Part 1: Software Installation, Archiving, and Managing Videos
Part 2: Burning and Transcoding Videos
Part 3: Transferring and Synchronizing Videos
Installation: (10 out of 10)
Ok, lets get to it. Once you’ve purchased and downloaded Video Vault from X Software’s online store, just uncompress the file and execute the setup file. Soon you’ll see a pop-up… add your your user ID and password. Then you’ll be prompted to select your preferred video format NTSC or PAL (depends on your region – users in the U.S. should pick NTSC). Now we’re greeted by a pleasing and easy-to-navigate user interface (more skins are available online) which are divided into three areas. On the left sidebar you’ll find a series of large, graphical buttons: Import Disc, Import File, Import Tape (available only in the Deluxe version), Export to DVD, Export to PVP, Export to PDA, Export to File. The center area is your movie listing display. And, lastly, the right sidebar is your video format settings and control interface for Importing and Exporting videos.
Importing DVD movies into the Video Vault archive: (8.5 out of 10)
Importing movies into the Video Vault archive is as easy as dropping a unencrypted (aka DRM-free) DVD into the PC disc tray and clicking Import DVD, at which point Video Vault will automatically detect the DVD and queue the movie for import. Another way to import DVD movies is to Browse for movie folders on your hard drive (FYI – Video Vault won’t import a movie if you try to select the VIDEO_TS.IFO file, just select the parent folder). For people who like to use DeCSS stripping applications like DVDShrink and DVD Decrypter, this will probably be your importing method of choice. One thing you should know, though, is that Video Vault does not import movies with VOB and IFO files left intact, but transcodes the movie into a single MPEG file (minus the DVD menu – chapter and special feature selections will not be included – and subtitles) Hint: When saving DVD movies to your hard drive, leave the folder name “as is” (with caps and underscores) because Video Vault will read the DVD’s info file and import the movie’s correct title and attempt to download the cover art from X Software’s online DVD database. However, if you’ve edited the parent folder’s name you might have to manually edit the movie name (no biggie) and create your own cover art.
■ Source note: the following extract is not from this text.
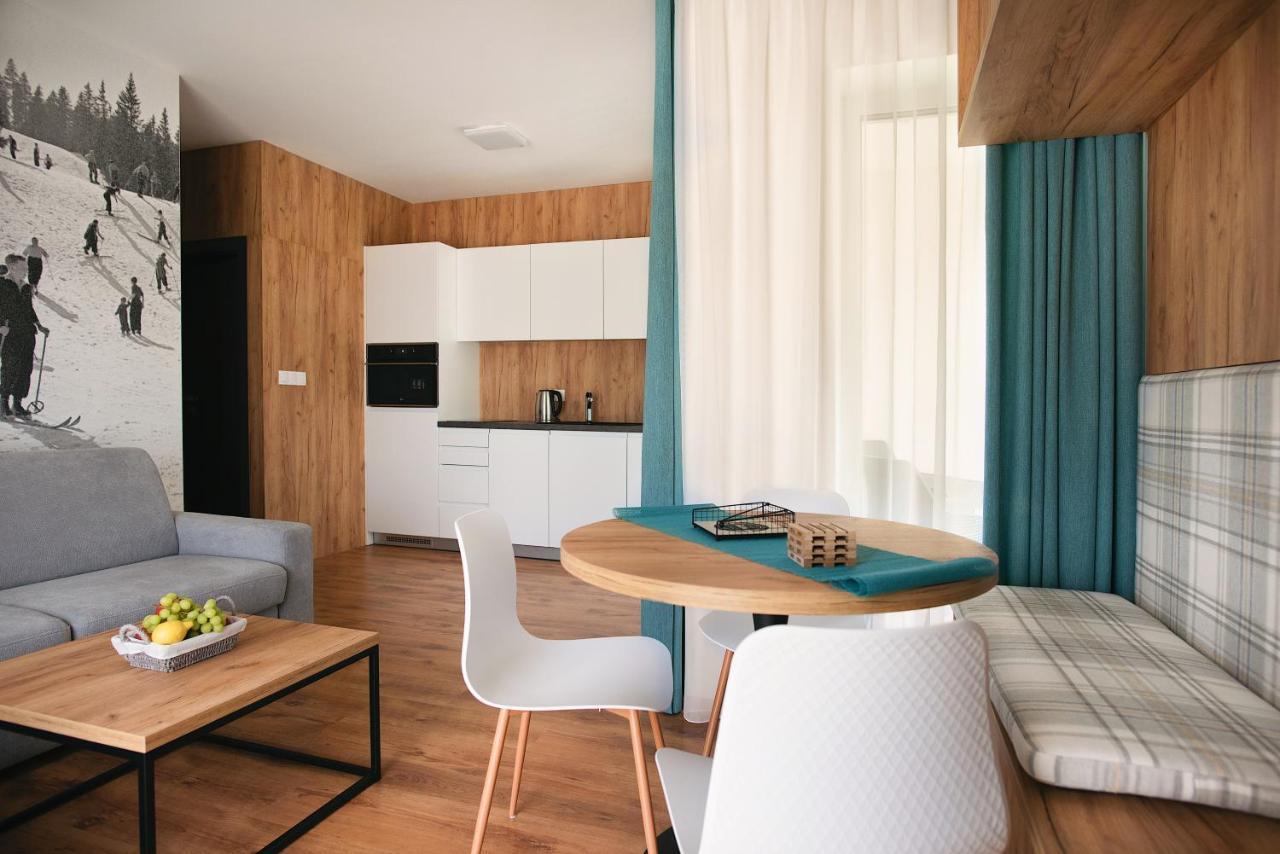 Apartmany Stiavnica & Durkova - Galeria Apartments Jasna Lucky デマノブスカ・ドリーナ エクステリア 写真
So far so good, right? Once Video Vault has detected your movie and queued it for import, you can click the Play button to preview the movie, click the Start button (it’s the circle on the bottom right) to begin importing movies to your preset Vault Folder or you can tweak the import format settings – set video dimensions/bit rate/audio codec – before importing. My suggestion is to import the DVD with its original settings and audio. Video Vault MPEG files are typically the same size and A/V quality is almost identical to the original. Side note: I did notice Video Vault had trouble syncing the audio and video with a couple of my 4.7GB DVDShrink transcoded movies, but the rest migrated without a hitch.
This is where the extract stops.